_What the task asks_
The copy has to match the data exactly and leave out every picture.

_Data shown_
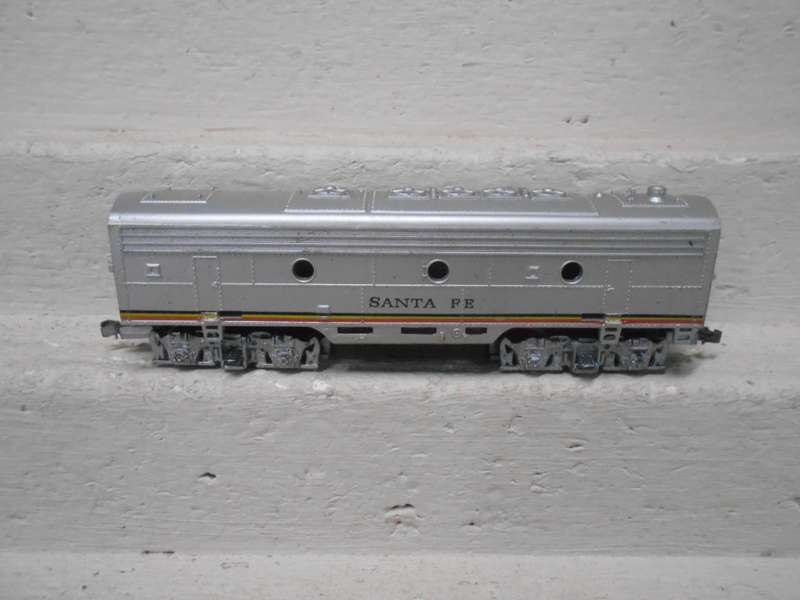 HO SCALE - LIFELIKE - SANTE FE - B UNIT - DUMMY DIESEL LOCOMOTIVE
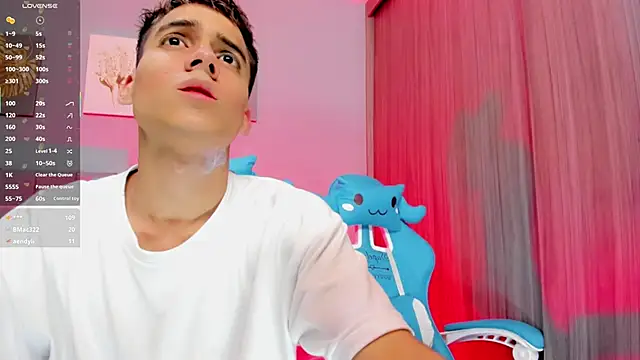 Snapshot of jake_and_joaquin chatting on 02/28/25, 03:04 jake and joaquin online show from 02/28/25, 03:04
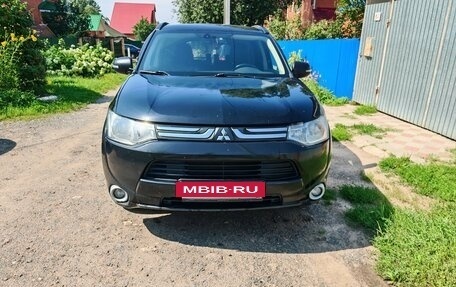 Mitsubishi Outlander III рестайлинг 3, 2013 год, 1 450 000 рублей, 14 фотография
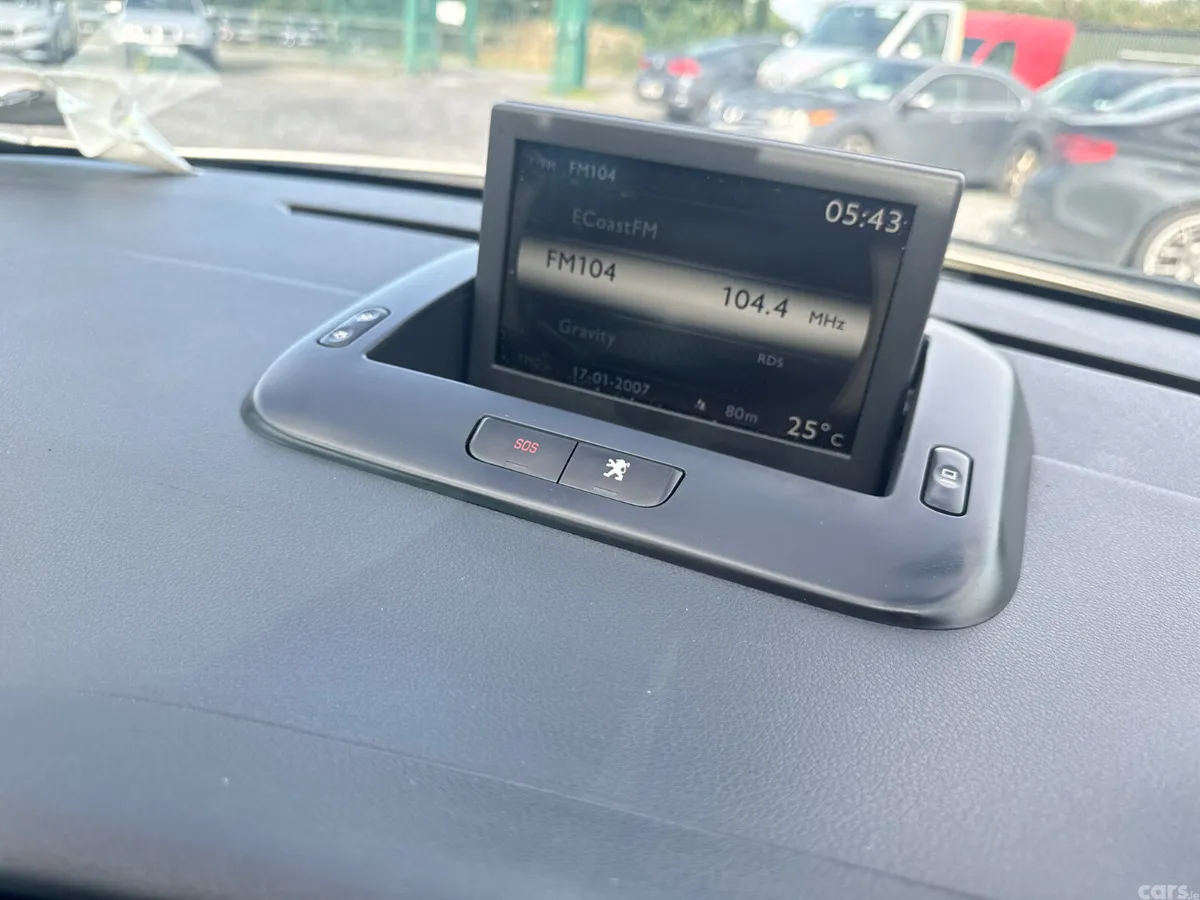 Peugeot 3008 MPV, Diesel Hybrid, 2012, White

_Task response_
 HO SCALE - LIFELIKE - SANTE FE - B UNIT - DUMMY DIESEL LOCOMOTIVE
 Snapshot of jake_and_joaquin chatting on 02/28/25, 03:04 jake and joaquin online show from 02/28/25, 03:04
 Mitsubishi Outlander III рестайлинг 3, 2013 год, 1 450 000 рублей, 14 фотография
 Peugeot 3008 MPV, Diesel Hybrid, 2012, White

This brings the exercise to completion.